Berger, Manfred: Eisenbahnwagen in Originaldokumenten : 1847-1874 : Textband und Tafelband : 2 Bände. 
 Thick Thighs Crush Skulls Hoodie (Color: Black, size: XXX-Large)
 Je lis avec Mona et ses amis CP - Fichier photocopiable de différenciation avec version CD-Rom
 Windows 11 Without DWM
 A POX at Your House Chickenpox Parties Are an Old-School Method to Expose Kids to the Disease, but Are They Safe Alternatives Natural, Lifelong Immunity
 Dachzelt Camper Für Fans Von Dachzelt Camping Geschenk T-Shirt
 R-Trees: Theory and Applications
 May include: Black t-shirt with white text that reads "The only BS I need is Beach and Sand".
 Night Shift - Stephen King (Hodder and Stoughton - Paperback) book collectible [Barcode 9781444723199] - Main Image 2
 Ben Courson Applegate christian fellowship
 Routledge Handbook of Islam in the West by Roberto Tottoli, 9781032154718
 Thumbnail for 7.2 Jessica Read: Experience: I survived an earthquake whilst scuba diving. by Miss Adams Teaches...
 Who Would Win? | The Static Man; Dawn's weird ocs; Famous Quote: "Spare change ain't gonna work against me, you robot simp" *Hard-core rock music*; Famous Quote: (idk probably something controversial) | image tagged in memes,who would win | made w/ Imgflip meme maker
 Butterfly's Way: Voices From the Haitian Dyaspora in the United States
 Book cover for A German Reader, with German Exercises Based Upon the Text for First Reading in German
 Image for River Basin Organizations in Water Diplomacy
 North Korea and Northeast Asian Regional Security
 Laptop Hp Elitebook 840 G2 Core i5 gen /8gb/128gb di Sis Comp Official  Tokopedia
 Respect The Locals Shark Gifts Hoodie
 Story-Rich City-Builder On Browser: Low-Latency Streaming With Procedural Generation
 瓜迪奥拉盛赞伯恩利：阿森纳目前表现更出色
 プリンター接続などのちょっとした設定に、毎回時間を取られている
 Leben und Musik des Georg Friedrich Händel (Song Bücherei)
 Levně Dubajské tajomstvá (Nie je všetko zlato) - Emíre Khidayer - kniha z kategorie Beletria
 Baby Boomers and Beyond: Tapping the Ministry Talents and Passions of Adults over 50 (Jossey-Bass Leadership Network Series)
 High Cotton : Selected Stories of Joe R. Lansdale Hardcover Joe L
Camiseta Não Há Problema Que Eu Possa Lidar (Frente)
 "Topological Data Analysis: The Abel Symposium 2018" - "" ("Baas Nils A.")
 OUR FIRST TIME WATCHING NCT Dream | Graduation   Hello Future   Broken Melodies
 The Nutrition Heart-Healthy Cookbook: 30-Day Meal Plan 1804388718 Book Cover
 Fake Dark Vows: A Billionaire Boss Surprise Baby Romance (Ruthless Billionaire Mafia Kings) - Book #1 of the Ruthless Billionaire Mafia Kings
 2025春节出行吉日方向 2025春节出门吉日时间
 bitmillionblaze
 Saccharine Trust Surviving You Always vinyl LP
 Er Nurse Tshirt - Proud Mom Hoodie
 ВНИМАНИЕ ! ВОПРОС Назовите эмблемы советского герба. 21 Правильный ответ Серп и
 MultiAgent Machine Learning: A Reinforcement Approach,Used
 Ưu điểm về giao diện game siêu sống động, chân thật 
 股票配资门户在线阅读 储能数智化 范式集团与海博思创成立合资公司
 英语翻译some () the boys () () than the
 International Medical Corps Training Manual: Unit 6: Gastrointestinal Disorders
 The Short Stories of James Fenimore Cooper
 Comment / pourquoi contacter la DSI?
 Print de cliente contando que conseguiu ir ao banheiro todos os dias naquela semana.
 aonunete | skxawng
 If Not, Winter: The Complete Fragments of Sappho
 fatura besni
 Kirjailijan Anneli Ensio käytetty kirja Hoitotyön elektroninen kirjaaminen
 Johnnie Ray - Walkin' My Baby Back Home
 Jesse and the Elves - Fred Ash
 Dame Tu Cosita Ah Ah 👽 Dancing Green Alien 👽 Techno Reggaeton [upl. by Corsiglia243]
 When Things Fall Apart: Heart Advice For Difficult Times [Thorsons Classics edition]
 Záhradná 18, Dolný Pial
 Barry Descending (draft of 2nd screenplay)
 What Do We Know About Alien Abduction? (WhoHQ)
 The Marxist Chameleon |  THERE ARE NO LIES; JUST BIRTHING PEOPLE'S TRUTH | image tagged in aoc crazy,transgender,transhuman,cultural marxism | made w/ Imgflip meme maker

[WHAT IS NEEDED]: Your answer must be the data above, copied exactly from its first line through the line containing "Baby Boomers and", and nothing more.

[TASK SOLUTION]:
Berger, Manfred: Eisenbahnwagen in Originaldokumenten : 1847-1874 : Textband und Tafelband : 2 Bände. 
 Thick Thighs Crush Skulls Hoodie (Color: Black, size: XXX-Large)
 Je lis avec Mona et ses amis CP - Fichier photocopiable de différenciation avec version CD-Rom
 Windows 11 Without DWM
 A POX at Your House Chickenpox Parties Are an Old-School Method to Expose Kids to the Disease, but Are They Safe Alternatives Natural, Lifelong Immunity
 Dachzelt Camper Für Fans Von Dachzelt Camping Geschenk T-Shirt
 R-Trees: Theory and Applications
 May include: Black t-shirt with white text that reads "The only BS I need is Beach and Sand".
 Night Shift - Stephen King (Hodder and Stoughton - Paperback) book collectible [Barcode 9781444723199] - Main Image 2
 Ben Courson Applegate christian fellowship
 Routledge Handbook of Islam in the West by Roberto Tottoli, 9781032154718
 Thumbnail for 7.2 Jessica Read: Experience: I survived an earthquake whilst scuba diving. by Miss Adams Teaches...
 Who Would Win? | The Static Man; Dawn's weird ocs; Famous Quote: "Spare change ain't gonna work against me, you robot simp" *Hard-core rock music*; Famous Quote: (idk probably something controversial) | image tagged in memes,who would win | made w/ Imgflip meme maker
 Butterfly's Way: Voices From the Haitian Dyaspora in the United States
 Book cover for A German Reader, with German Exercises Based Upon the Text for First Reading in German
 Image for River Basin Organizations in Water Diplomacy
 North Korea and Northeast Asian Regional Security
 Laptop Hp Elitebook 840 G2 Core i5 gen /8gb/128gb di Sis Comp Official  Tokopedia
 Respect The Locals Shark Gifts Hoodie
 Story-Rich City-Builder On Browser: Low-Latency Streaming With Procedural Generation
 瓜迪奥拉盛赞伯恩利：阿森纳目前表现更出色
 プリンター接続などのちょっとした設定に、毎回時間を取られている
 Leben und Musik des Georg Friedrich Händel (Song Bücherei)
 Levně Dubajské tajomstvá (Nie je všetko zlato) - Emíre Khidayer - kniha z kategorie Beletria
 Baby Boomers and Beyond: Tapping the Ministry Talents and Passions of Adults over 50 (Jossey-Bass Leadership Network Series)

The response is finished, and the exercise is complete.